Fredrick Engels, in his classic book, “The Origin of the Family, Private Property and the State” (1884), showed how class society and patriarchy are totally intertwined through private property. He traces the oppression of women from the time before recorded history when people lived communally, shared equitably the food women raised and the men hunted, and only traced ancestry through their mothers.
Through a study of matrilineal Native American tribes and the early Greek state, Engels showed that private property developed as men accumulated enough abundance, superseding women’s former role to create a tipping point where male property rights encompassed the right to rule over women, the family and household slaves, who were the first oppressed class.
“The overthrow of mother-right was the world historic defeat of the female sex,” writes Engels. He then goes on to show why the process of building egalitarian socialism, based on global sharing and community and through which private property and class society are ultimately destroyed, is the only way to truly free women of centuries-old patriarchy.
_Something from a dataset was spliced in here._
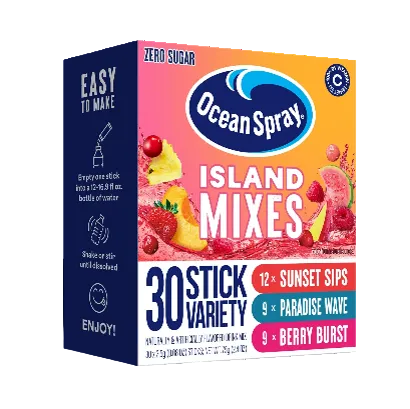OCEAN SPRAY ISLAND MIXES VARIETY PACK - 30 PACK, Approved for NYS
It’s important to remember that the Soviet Union was the first nation to guarantee women’s rights in law and practice, as it built a modern industrialized country out of the undeveloped, largely agrarian economy seized from czarist Russia in 1917. And socialist governments since then, including Cuba, Vietnam and north Korea today, have been striving to put that goal into practice. They have done this despite the huge legacy of colonial pillage and underdevelopment they inherited, and the political pressures from U.S. imperialism they feel so keenly today.
Karl Marx wrote in 1868, “Social progress may be measured precisely by the social position of [women].” The U.S. is a world leader in backwardness and misogyny toward women — with women on average making 77 cents for every dollar men are paid (and even less for women of color), rampant violence against women (especially poor women, lesbians and trans women, and women of color), and vicious attacks on birth control and abortion rights, as well as all components of reproductive justice. At the same time, it is last among 19 industrial countries in health care and, as Heymann’s study showed, far behind about 175 countries in workers’ rights.
The U.S. leads the world in war-mongering and the voracious exploitation of humans and nature, while impoverishing the majority of the planet’s peoples. All this, while the 1% hoards its ill-gotten billions; terrorizes the world with its military power and tries to keep the 99% in the U.S. in line with its police and prison-industrial complex; and wields sexism, racism and LGBTQ oppression to try to divide us.
It’s time to revive the women’s liberation movement in the U.S., as we join with our sisters and brothers worldwide to break tradition’s chains once and for all.